In its audit findings, COA also lamented the slow completion of a National Disaster Reduction Project in Zamboanga City that requires an allocation of P2,008,153.80.
Auditors asked PN officials to demand from the PITC the immediate delivery of all goods and equipment it has ordered, saying that a refund should be made immediately for non-compliance.
Audit examiners said the PN should stop transferring funds and avoid contracting the services of the PITC “unless in extreme circumstances,” particularly in cases where the Philippine Navy Bids and Awards Committee lacked proficiency to undertake the procurement.
COA disclosed that in 2014, the Armed Forces of the Philippines tapped the PITC to procure for goods, services, and infrastructure projects of the major military services under it.
“Review of the MOA (memorandum of agreement) revealed that it did not provide a timeline of delivery or completion of procurement procedures, which is disadvantageous to the AFP,” the state audit agency noted.
As a result, delivery of PN’s supply and equipment has been considerably delayed although it had already transferred to the PITC some P2.2 billion.

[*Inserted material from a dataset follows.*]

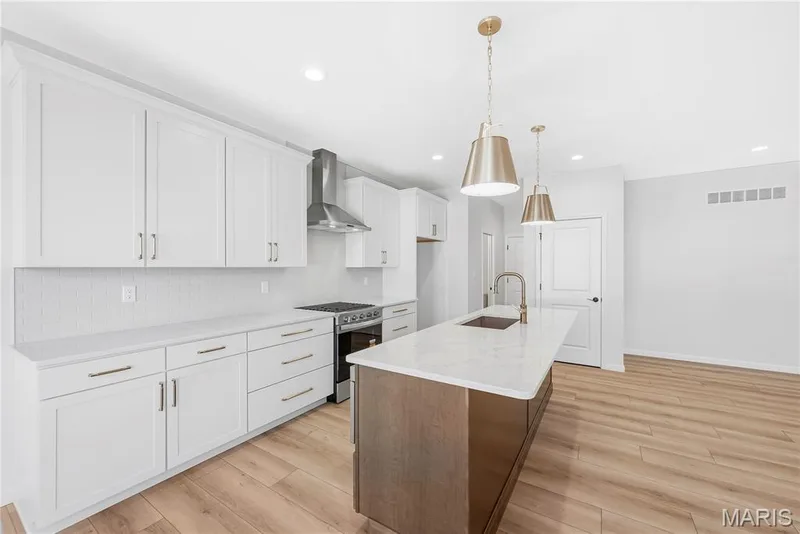 Large Kitchen Island with Seating Bar — 53 Pheasant Ring Drive, St Peters, MO 63376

As of December 31, 2018, only equipment and supplies worth P81.84 million, representing a meager 3.5 percent of the total fund transfer, have been delivered to the PN.
“The inability of the PITC to deliver the goods and services is contrary to the very purpose of procurement outsourcing which is to hasten project implementation and had resulted in accumulated huge idle funds,” COA said.
COA also noted the delay in the construction of the Pencairan detachment in Rio Hondo, Zamboanga City, site of the 21-day siege staged by Moro National Liberation Front terrorists in 2013.
PN officials blamed the presence of informal settlers in the project site for causing the delay.
In the 2018 audit report, COA also urged the PN to take legal action in order to recover some P2.39 million in mobilization fund that contractors received despite the “non delivery of goods and services after a considerable length of time.”
The audit findings revealed that three contractors, the RC Tagal Construction, DCCD Engineering, and Solar Surveying Corporation, availed of the 15 percent mobilization fund to start the projects assigned to them.
“To date, after more than three years of inaction, still no collection suit was filed in court against the above defaulting contractors and no action was commenced to enforce the performance guarantee,” auditors stressed.
Responding to the audit report, the PN management said the projects assigned to DCCDE and SSC were suspended due to issues on the ownership of project site.
Still, COA said the management must “terminate the contracts and demand for the refund of advances” it gave the contractors.